The weight of this legacy puts a lot of pressure for Doescher’s adaptation to be elevated above being a simple novelty that people would buy in a Shakespearean theater gift shop. A Venn diagram of Star Wars fans and Shakespeare fans has a sizable overlap, and a great many fans will use this as a means to cheaply stage a re-enactment. In a stage play, Doescher doesn’t have Lucas’ advantage of visual communication—there is no famous opening shot of Leia’s ship being pursued by a Star Destroyer—to set the scene. Instead, he relies too heavily on a Chorus to explain all of the action impossible to replicate for the stage.
But that doesn’t mean this version is entirely hopeless. The first two acts of the play—covering C-3PO and R2-D2’s escape from Leia’s ship and the beginning of Luke’s journey to see Ben Kenobi—don’t depend on an overwhelming amount of physicality. Vader’s imposing introduction carries all the dramatic weight of Shakespeare’s greatest villains, while also allowing him an aside to reference an emotional depth foreshadowing details further along in the story.
R2-D2 gets to speak, and display the wisdom of his bleep-and-bloop act while maintaining iambic pentameter. But is it too pedantic to wish C-3PO and R2-D2 didn’t speak in such formal verse? They are the comic-relief characters, and should most likely talk (or beep) in prose. The meter feels natural in some places, elevating language to a formal level that matches the grandiose atmosphere of the story, but there are too often places where Doescher has to force the cadence, making all the characters sound like different versions of Yoda.
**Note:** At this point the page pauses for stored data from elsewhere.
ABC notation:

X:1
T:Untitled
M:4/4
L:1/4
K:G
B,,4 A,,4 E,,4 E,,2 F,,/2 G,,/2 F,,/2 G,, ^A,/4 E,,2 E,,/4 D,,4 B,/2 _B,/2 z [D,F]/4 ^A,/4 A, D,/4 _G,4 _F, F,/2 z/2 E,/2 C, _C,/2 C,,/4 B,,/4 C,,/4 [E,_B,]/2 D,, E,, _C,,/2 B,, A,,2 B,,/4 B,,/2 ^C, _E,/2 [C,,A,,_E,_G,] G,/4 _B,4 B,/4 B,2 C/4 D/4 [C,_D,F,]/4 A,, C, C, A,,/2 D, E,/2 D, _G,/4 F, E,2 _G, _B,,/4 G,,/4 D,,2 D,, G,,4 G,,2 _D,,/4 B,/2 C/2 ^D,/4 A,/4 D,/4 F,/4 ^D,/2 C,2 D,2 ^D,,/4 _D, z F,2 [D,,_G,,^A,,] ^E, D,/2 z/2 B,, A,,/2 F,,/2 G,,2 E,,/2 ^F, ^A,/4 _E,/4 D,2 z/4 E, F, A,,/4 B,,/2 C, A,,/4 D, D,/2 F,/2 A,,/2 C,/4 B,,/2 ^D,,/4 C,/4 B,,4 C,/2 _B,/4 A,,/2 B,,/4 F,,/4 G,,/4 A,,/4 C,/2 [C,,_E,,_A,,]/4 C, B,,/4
The best part of this adaptation is that having the Star Wars cast of characters speak in verse illuminates the parallels to Campbell’s archetypes and Shakespeare’s most iconic dramatis personae. Han and Leia have shades of Benedick and Beatrice from Much Ado About Nothing, Luke equates to Ferdinand in The Tempest, Obi-Wan mirrors The Tempest’s Prospero or even Jaques from As You Like It, and Vader could be Macbeth or Iago. At its best, this is a richly dense text that connects two subjects with high cultural capital to bring fans of one universe closer to the other.
Doescher’s script also makes plain references between famous Star Wars lines and infamous Shakespeare quotes, giving Luke soliloquies that mirror Hamlet examining Yorick’s skull or Henry V speaking to his troops before battle. These are clever in-jokes, perhaps a bit too obvious, but they strike the right tone for the mash-up. This version of Star Wars is somewhere between serious adoration and loving parody, not as incisive as the Family Guy or Robot Chicken homages, but not gravely serious.
Writing a Shakespearean battle scene—Henry V, Macbeth—takes a lot of finesse. The Bard was famously skimpy on stage directions, which is one of the many reasons why his work is so open to continued reinterpretation. But it leaves Doescher with the tough task of adapting the rebel assault on the Death Star, a climactic space dogfight that is reduced to characters speaking in verse side-by-side onstage. (“Red Five doth here stand by.”) But the significant drawbacks of this experiment don’t overpower the delight of its powerful moments. And honestly, this is really just a proof-of-concept to get to The Empire Strikes Back, which would work much better in this medium, as it has fewer impossible-to-stage sequences.